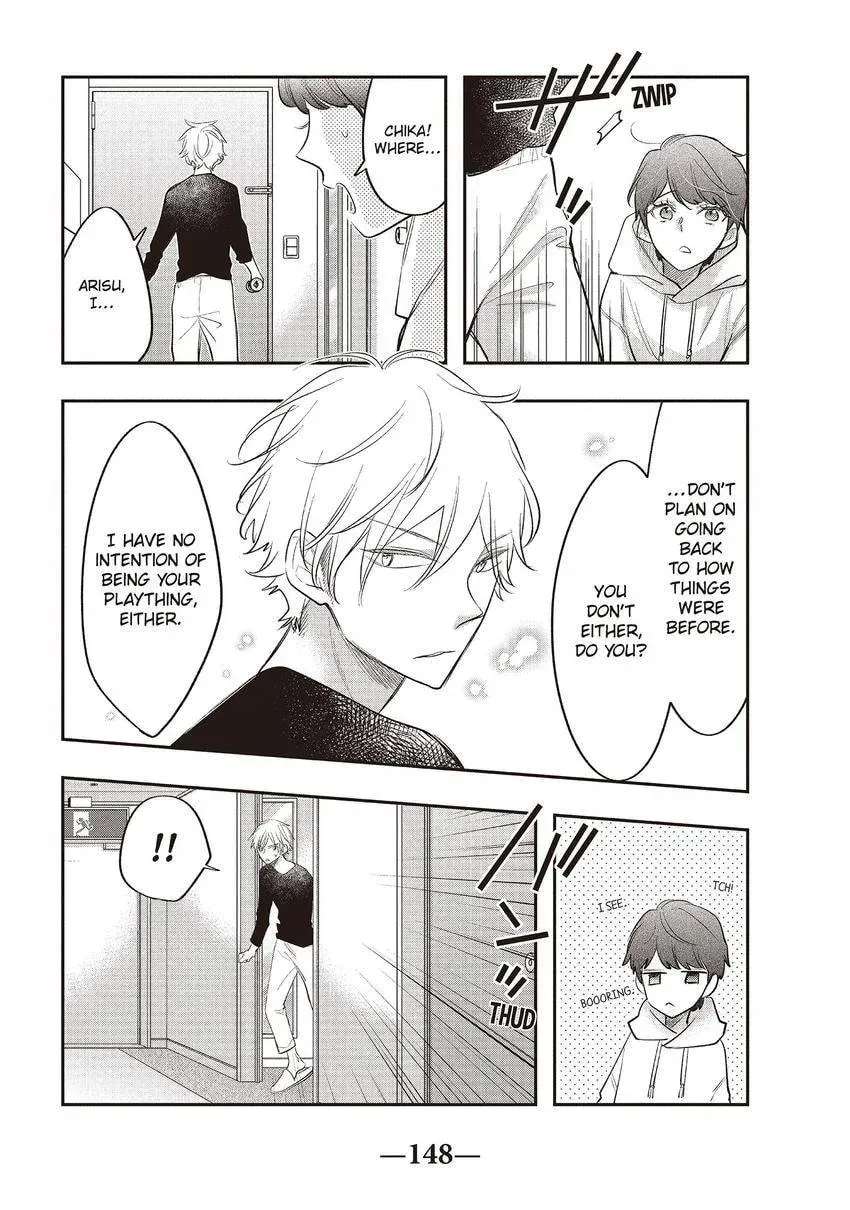 Read Star⇄Crossed!! chapter 14.3 image 31 on Lezhin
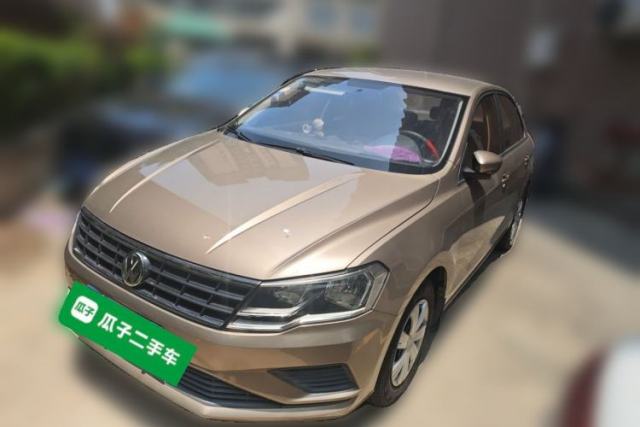 Ojetý Volkswagen Jetta 2017 1.5L Automatic Fashion Model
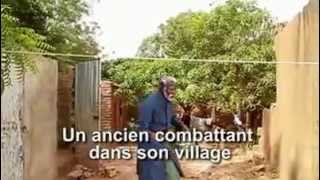 Ancien combattant dans son village [upl. by Etnoed]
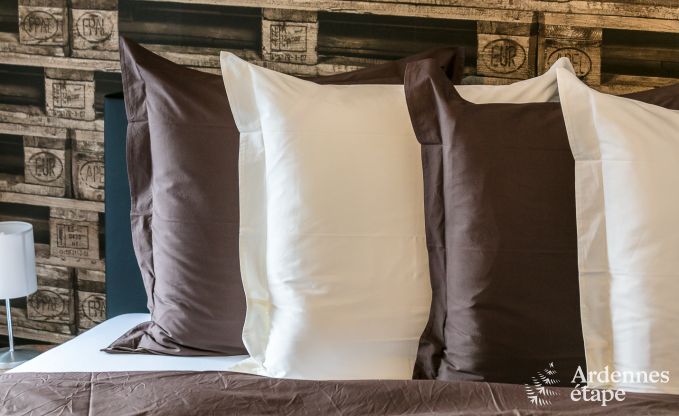 Holiday cottage in La Roche-en-Ardenne for 6/8 persons in the Ardennes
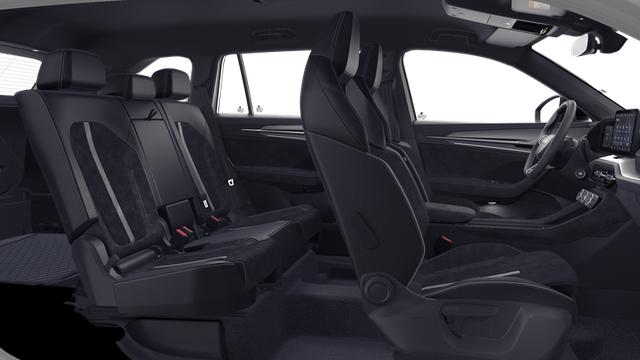Skoda Kodiaq Sportline 1.5 TSI mHEV 7-Gang DSG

| What you have to do |
The data must be printed exactly, image-free.

| Exercise answer |
 Read Star⇄Crossed!! chapter 14.3 image 31 on Lezhin
 Ojetý Volkswagen Jetta 2017 1.5L Automatic Fashion Model
 Ancien combattant dans son village [upl. by Etnoed]
 Holiday cottage in La Roche-en-Ardenne for 6/8 persons in the Ardennes
Skoda Kodiaq Sportline 1.5 TSI mHEV 7-Gang DSG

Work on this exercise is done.